▶ Activity
In the records below, find the line with "Courbe du refroidissement" and repeat exactly every line from it through the line with "TRYX PANORAMA SE". Pictures stay out.
*** Task inputs Section Begins ***
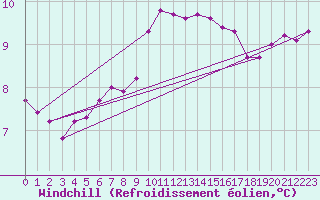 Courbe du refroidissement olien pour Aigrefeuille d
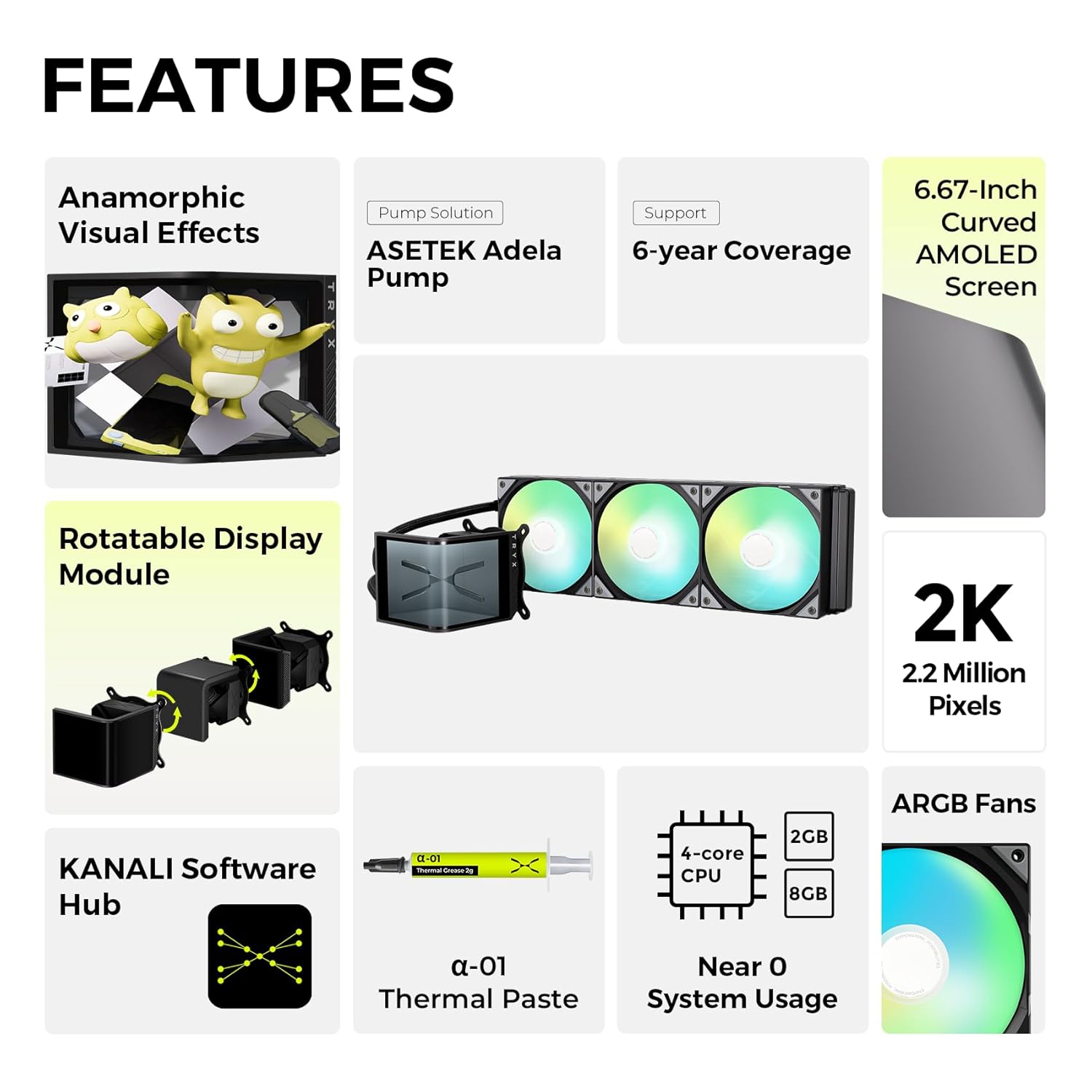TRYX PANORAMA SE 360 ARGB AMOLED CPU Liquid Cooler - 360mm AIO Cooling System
*** Task inputs Section Ends ***
*** Task inputs Section Begins ***
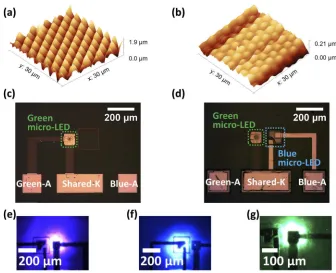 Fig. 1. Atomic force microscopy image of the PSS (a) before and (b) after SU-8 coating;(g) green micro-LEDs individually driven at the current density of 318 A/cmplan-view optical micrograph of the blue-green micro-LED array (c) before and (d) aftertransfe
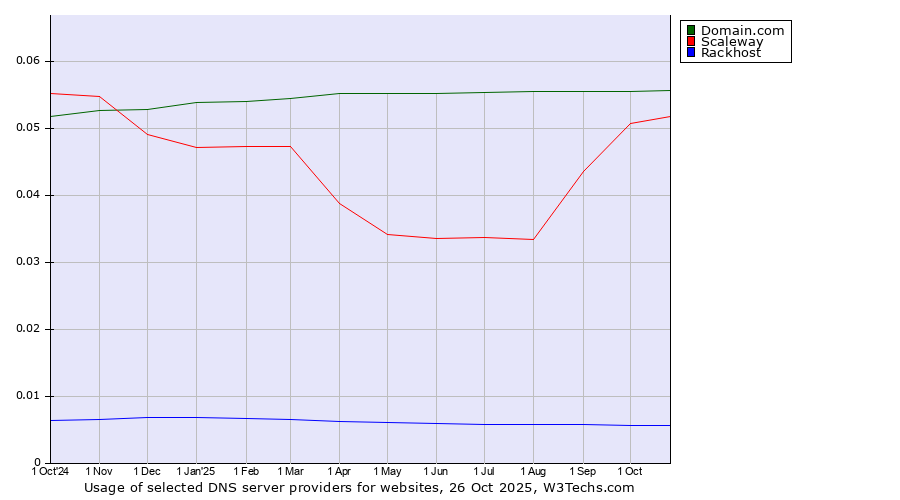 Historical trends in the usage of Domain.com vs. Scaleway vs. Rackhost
*** Task inputs Section Ends ***
*** Task inputs Section Begins ***
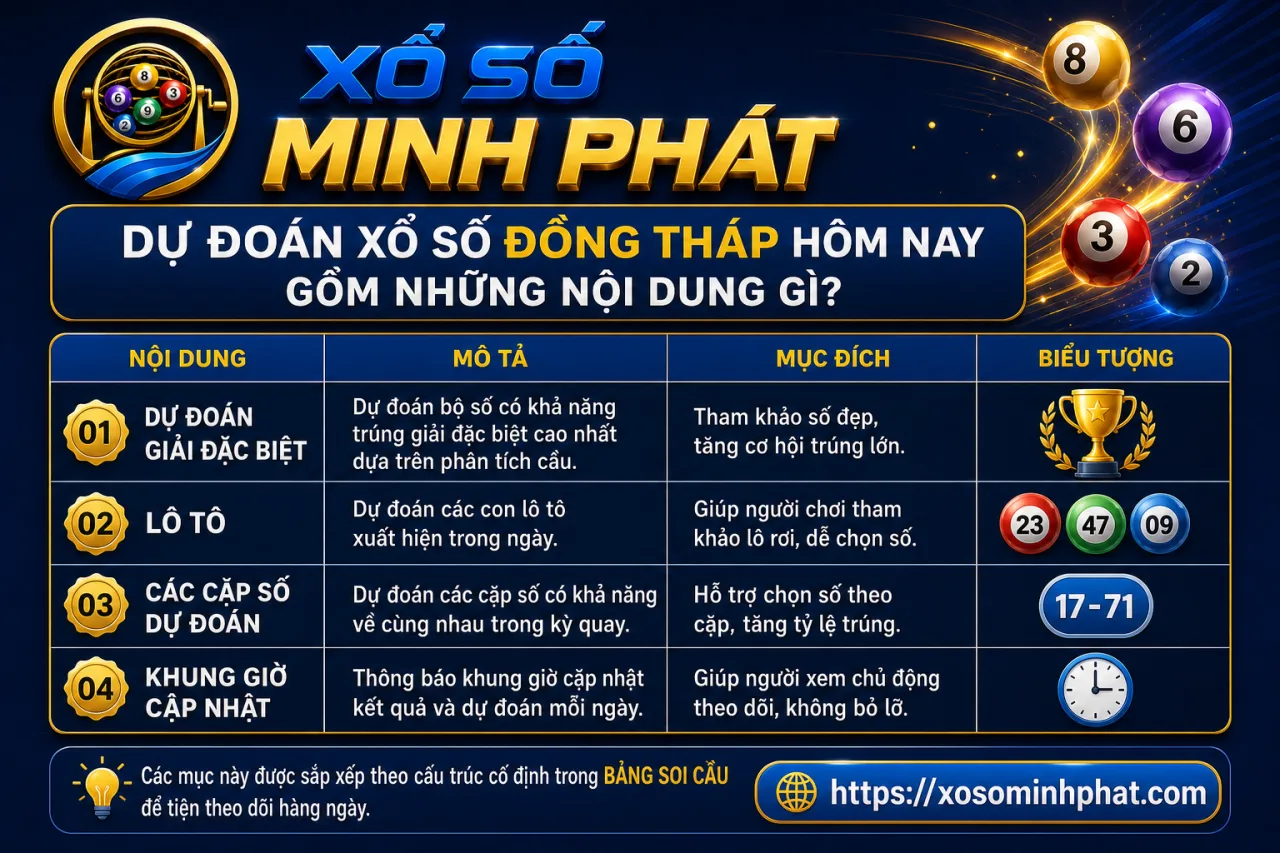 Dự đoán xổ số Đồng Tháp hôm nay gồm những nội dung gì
*** Task inputs Section Ends ***
▶ Exercise solution
 Courbe du refroidissement olien pour Aigrefeuille d
TRYX PANORAMA SE 360 ARGB AMOLED CPU Liquid Cooler - 360mm AIO Cooling System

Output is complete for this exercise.